= Birmingham Film Society =

The Birmingham Film Society was a film society established in Birmingham, England in 1931 to give local audiences "the opportunity to see films of importance… which they ordinarily find difficult or impossible to see."

Its founders were two Birmingham City Council clerks, one of who was Stanley Hawes, who would later become a notable film producer and director. Its first screening took place on 18 January 1931 at the Hampton Cinema on Livery Street, near Snow Hill station. It later moved to the West End Cinema in Suffolk Street, and then the Scala on Smallbrook Street. The society was very popular - by 1934 it had 543 members; by 1939 this had increased to 738.

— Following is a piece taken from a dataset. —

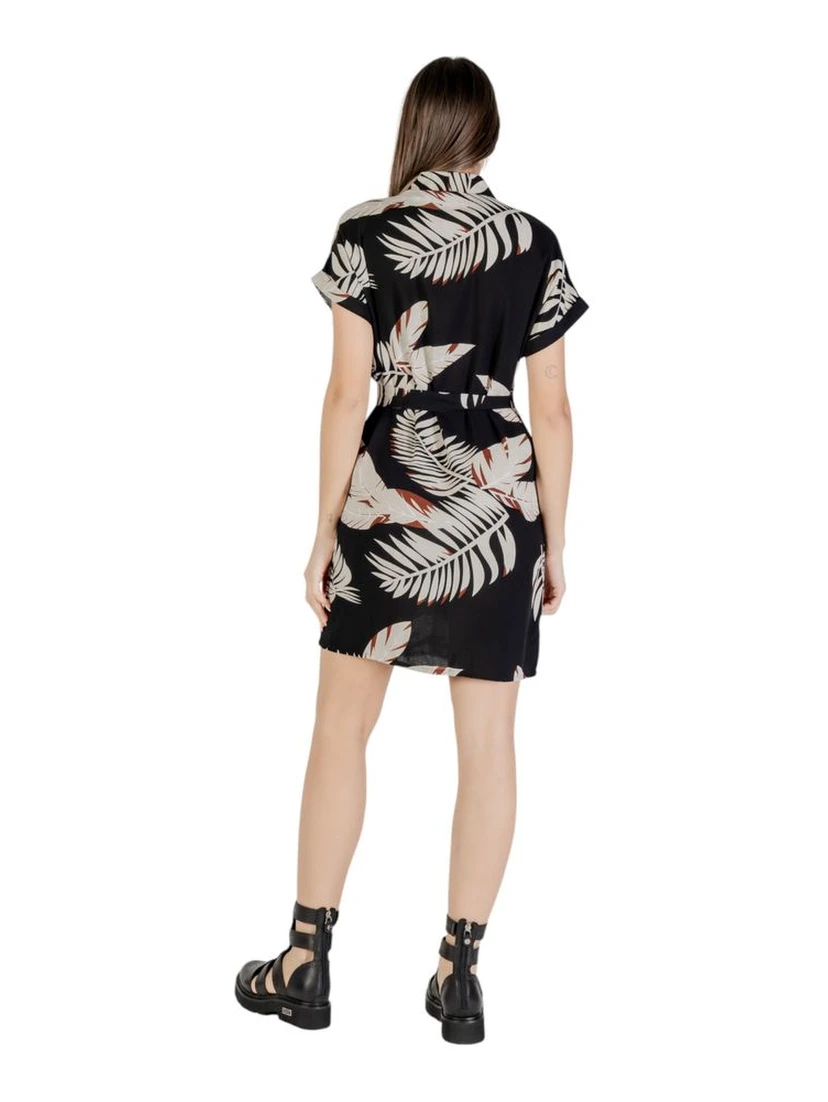 Beige Viscose Short Dress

The Film Society was an important meeting point for the artistic and literary circles of 1930s Birmingham. The author Walter Allen noted that "It was in the Film Society more than anywhere else that young artists came together". Members included E. R. Dodds and Philip Sargeant Florence who were both presidents of the society.

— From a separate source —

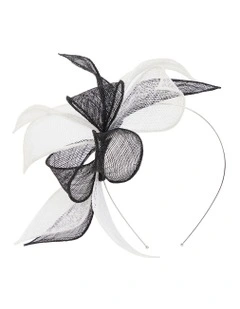Sinamay Leaves Fascinator in Black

Conroy Maddox described the importance of the society to the Birmingham Surrealists: "Evenings were spent in talk with Robert and John Melville, the poet Henry Reed (poet), and Dorothy Baker. On Sundays we would go to the Film Society and saw for the first time the works of Eisenstein, Cocteau, Pudovkin, Fritz Lang and others. Afterwards we would talk either about the film or more imaginatively."